▸ **DATASET CONTENT**
-----
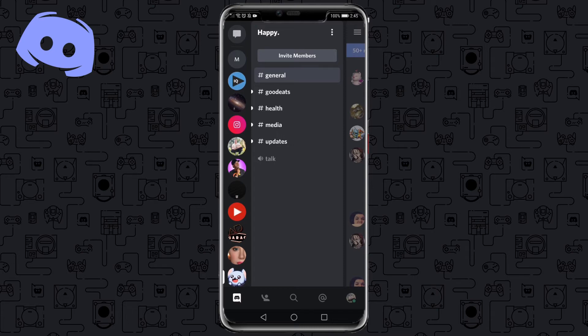In this video I'm going to be showing you how you can turn off your DMs on Discord. The first thing you would need to do is go to the server where you want to turn off the DMs.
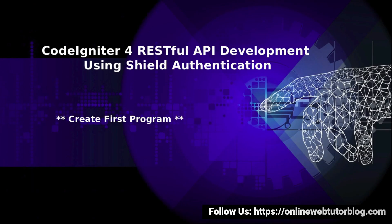Hello friends, welcome to the course of CodeIgniter 4, RESTful API development using SILT authentication. Inside this video, we'll create our first program inside CodeIgniter 4.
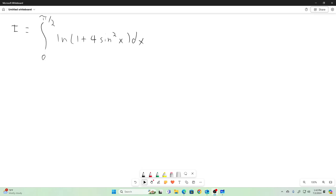Hi everybody, welcome back to the Feynman technique. Today I've got a good integral here for you: the integral from zero to infinity of the natural log of one plus four sine squared x dx, and we will be using Feynman's technique to solve this.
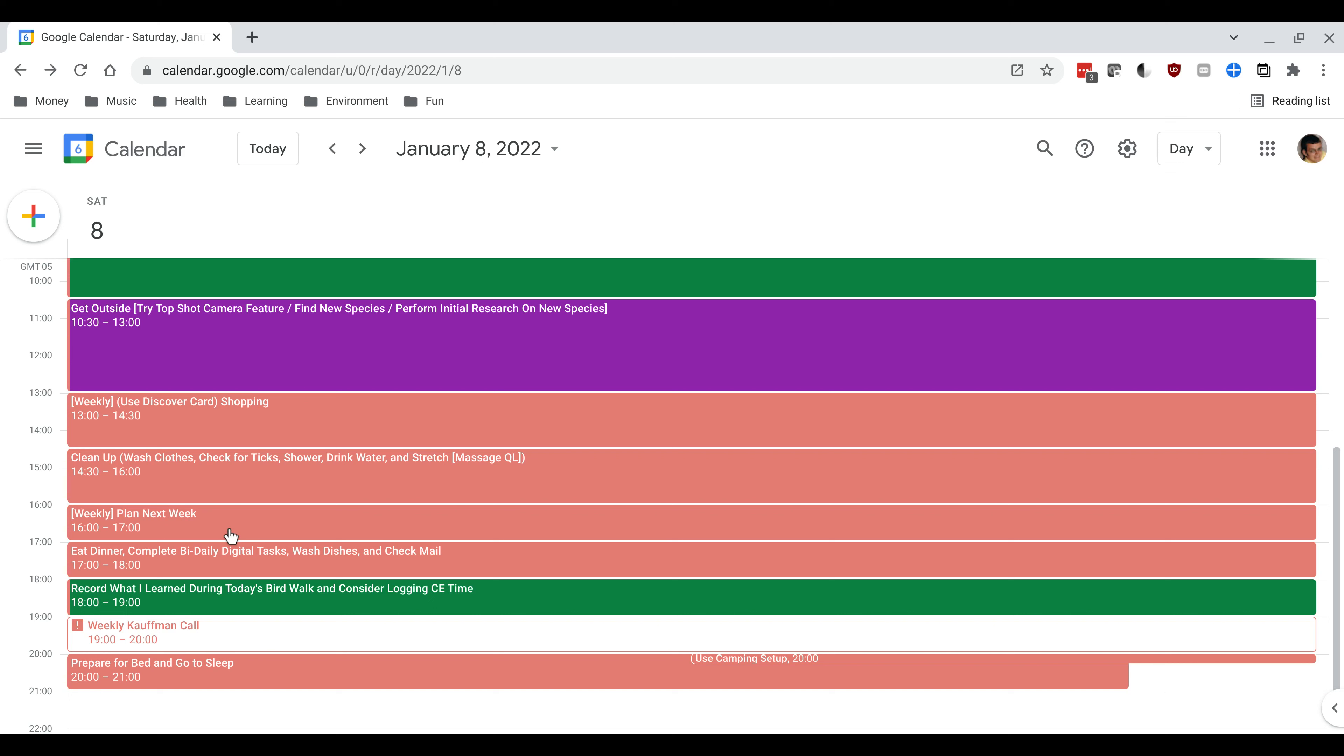And then the final task before I sort of start to wrap up the day is to record things that I learned during the bird walk earlier in the day. And this is because I'm a Virginia Master Naturalist. I'll consider logging continuing education time for that event.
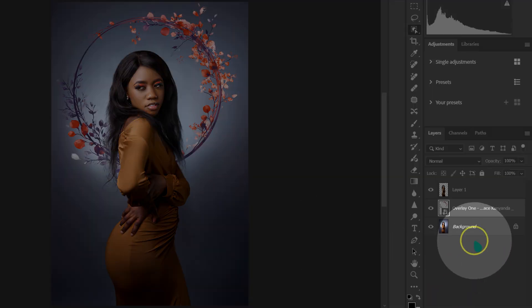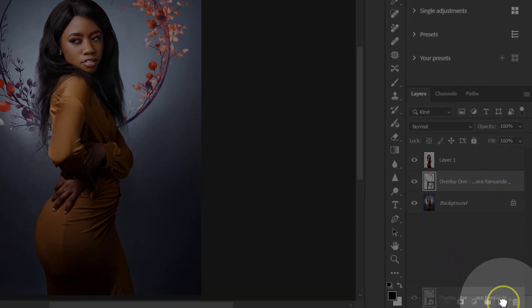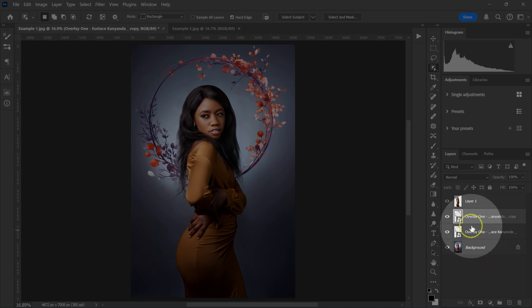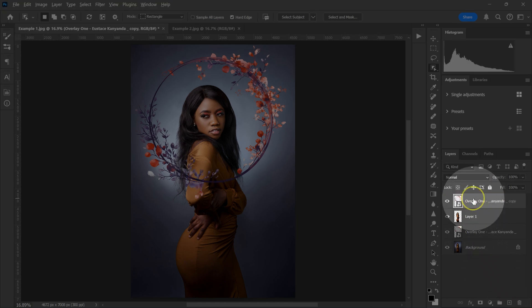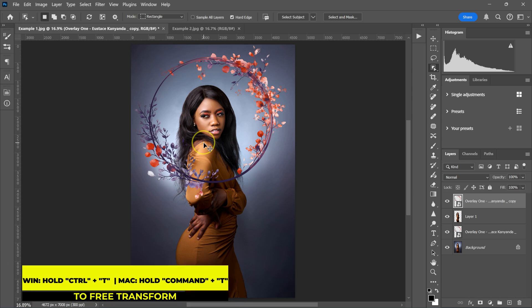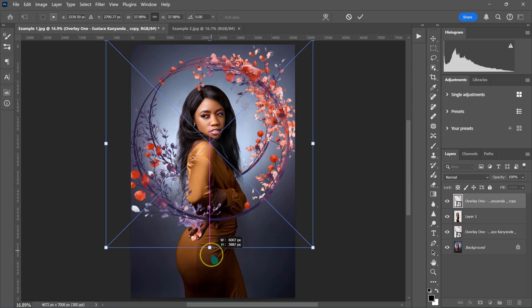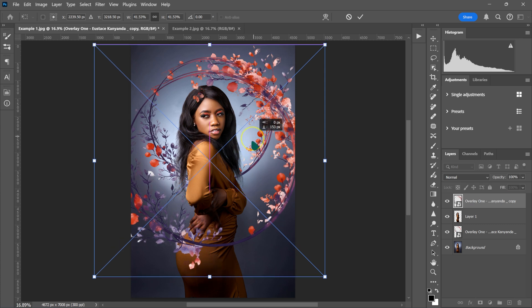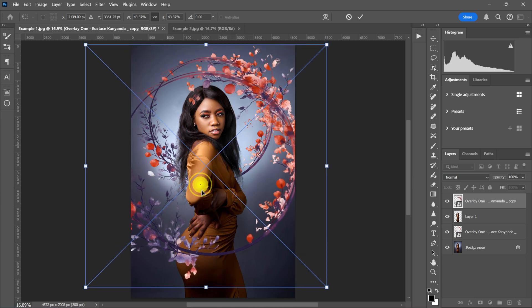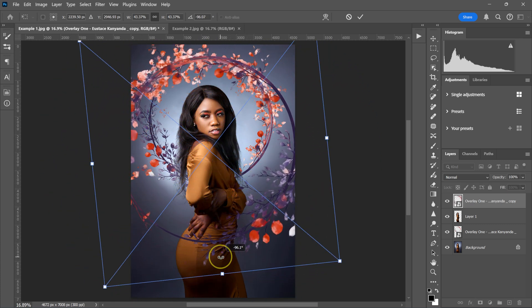I'm going to go back to my layers and make a copy of this overlay layer by dragging it and dropping it on this icon, then move it on top. From here, I'm just going to hold Ctrl or Command and press T on the keyboard, make it a little bit bigger, and then rotate it.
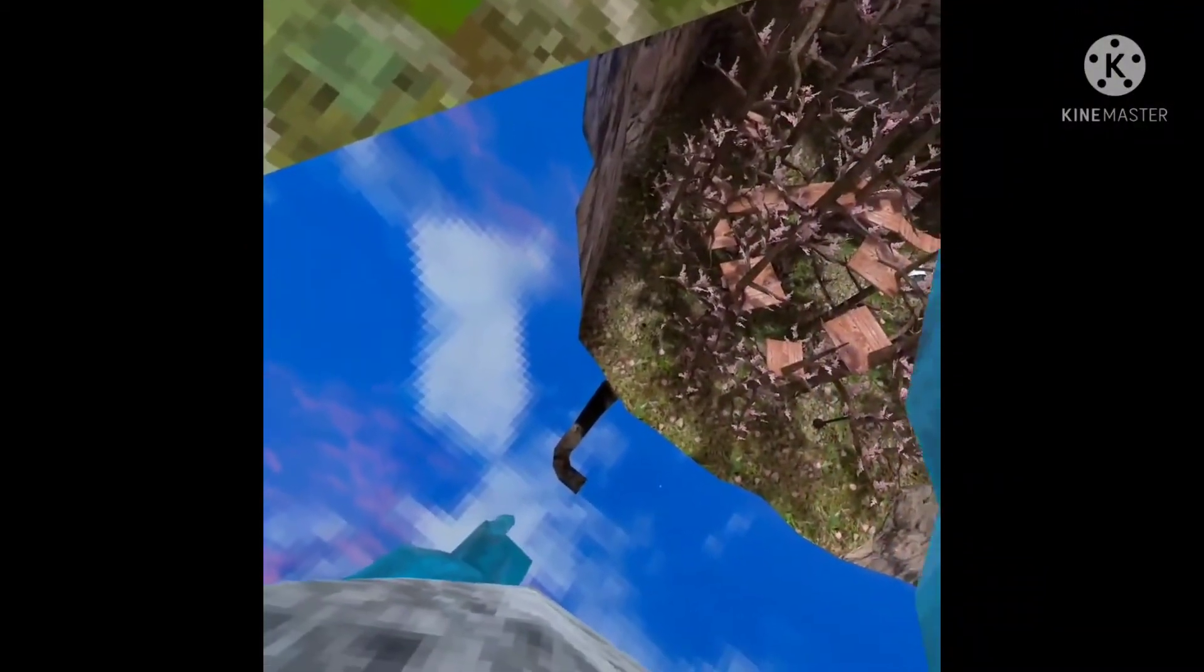But yeah, here's the secret tunnel over here, I think. Yeah, that's the secret tunnel. And then I'm going to go to the stump.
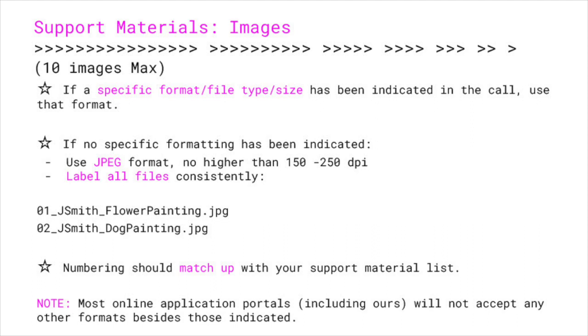I'll begin by talking about images. With Xspace's call, we accept 10 images max. If a specific format, file types, or size has been indicated in the call, we would suggest using that — pay attention to what is being asked of you. Organizations, collectives, and institutions that put out calls for submissions use varying platforms to accept submissions. Xspace uses a platform called Submittable, but Google Forms and straight-up email submissions are also frequently used. If no specific formatting has been indicated, use a JPEG format, no higher than 100 to 250 dpi, and label all your files consistently.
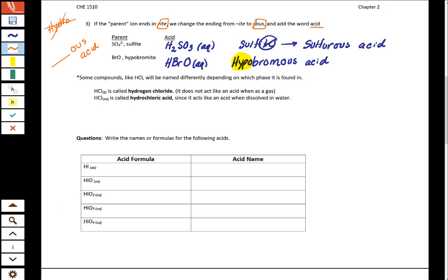Let's talk about why we make a big deal about putting AQ at the end. Some compounds can appear both as acids and as gases — hydrogen chloride is one of them. If we have hydrogen chloride with no aqueous, we mean we have a gas, and it should be correctly named as hydrogen monochloride. But if we have AQ — meaning it's dissolved in water — we name it as an acid: hydrochloric acid. That's a good reason why we continually write AQ at the end.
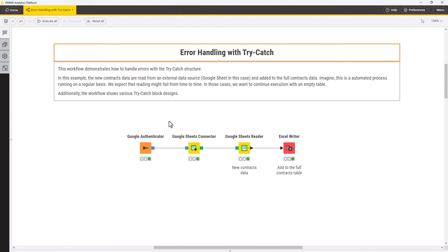Let's have a look at the following workflow. Here a table with new contracts is read from a remote data source, Google Sheets in this case, and is appended to a table with all the contracts.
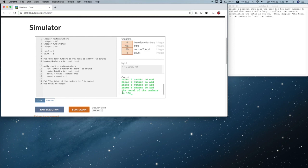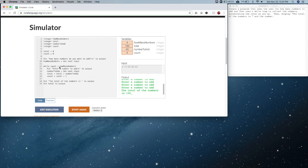Notice it asked for numbers to add one, two, three, four times and then displayed the total. I started my count at zero and continued while it was less than how many numbers, which is less than four. If I started at one it would have only done it three times. You can start at one, but you have to change the condition to count equals how many numbers — that gives you one more iteration. I hope this has helped you learn about how to use a while loop with variables. Have a great week!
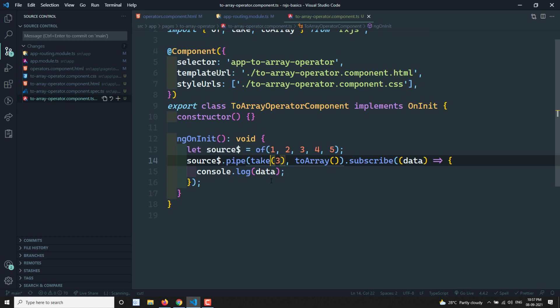So whatever values are emitted by the source observable, toArray takes all of them until the source completes, then converts them into a single array and sends it to the output observable. This is a simple utility operator. Hope you understood — if you have any doubts or suggestions, please post comments below, and if you like this video please subscribe to my channel. Thank you.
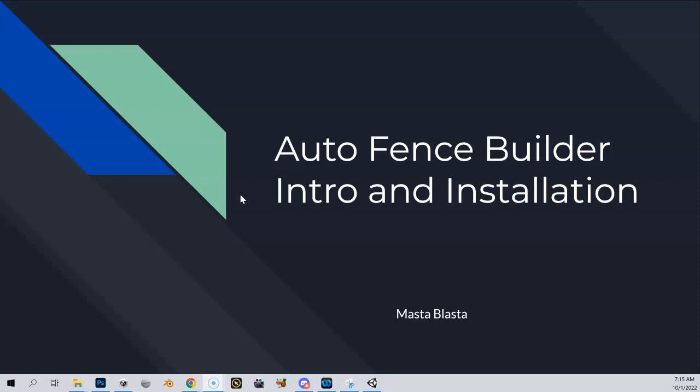Alright, I decided to make this quick video series. It's probably going to be like three total videos. One's going to be this one, which is the intro and installation of Auto Fence Builder. I'll probably have another one on how to learn it and the best way to explore it.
-----
▸ **WORK INSTRUCTIONS**
In your output, repeat the listing above exactly and include none of the pictures.

▸ **TASK ANSWER**
In this video I'm going to be showing you how you can turn off your DMs on Discord. The first thing you would need to do is go to the server where you want to turn off the DMs.
Hello friends, welcome to the course of CodeIgniter 4, RESTful API development using SILT authentication. Inside this video, we'll create our first program inside CodeIgniter 4.
Hi everybody, welcome back to the Feynman technique. Today I've got a good integral here for you: the integral from zero to infinity of the natural log of one plus four sine squared x dx, and we will be using Feynman's technique to solve this.
And then the final task before I sort of start to wrap up the day is to record things that I learned during the bird walk earlier in the day. And this is because I'm a Virginia Master Naturalist. I'll consider logging continuing education time for that event.
I'm going to go back to my layers and make a copy of this overlay layer by dragging it and dropping it on this icon, then move it on top. From here, I'm just going to hold Ctrl or Command and press T on the keyboard, make it a little bit bigger, and then rotate it.
But yeah, here's the secret tunnel over here, I think. Yeah, that's the secret tunnel. And then I'm going to go to the stump.
I'll begin by talking about images. With Xspace's call, we accept 10 images max. If a specific format, file types, or size has been indicated in the call, we would suggest using that — pay attention to what is being asked of you. Organizations, collectives, and institutions that put out calls for submissions use varying platforms to accept submissions. Xspace uses a platform called Submittable, but Google Forms and straight-up email submissions are also frequently used. If no specific formatting has been indicated, use a JPEG format, no higher than 100 to 250 dpi, and label all your files consistently.
Let's talk about why we make a big deal about putting AQ at the end. Some compounds can appear both as acids and as gases — hydrogen chloride is one of them. If we have hydrogen chloride with no aqueous, we mean we have a gas, and it should be correctly named as hydrogen monochloride. But if we have AQ — meaning it's dissolved in water — we name it as an acid: hydrochloric acid. That's a good reason why we continually write AQ at the end.
Let's have a look at the following workflow. Here a table with new contracts is read from a remote data source, Google Sheets in this case, and is appended to a table with all the contracts.
Notice it asked for numbers to add one, two, three, four times and then displayed the total. I started my count at zero and continued while it was less than how many numbers, which is less than four. If I started at one it would have only done it three times. You can start at one, but you have to change the condition to count equals how many numbers — that gives you one more iteration. I hope this has helped you learn about how to use a while loop with variables. Have a great week!
So whatever values are emitted by the source observable, toArray takes all of them until the source completes, then converts them into a single array and sends it to the output observable. This is a simple utility operator. Hope you understood — if you have any doubts or suggestions, please post comments below, and if you like this video please subscribe to my channel. Thank you.
Alright, I decided to make this quick video series. It's probably going to be like three total videos. One's going to be this one, which is the intro and installation of Auto Fence Builder. I'll probably have another one on how to learn it and the best way to explore it.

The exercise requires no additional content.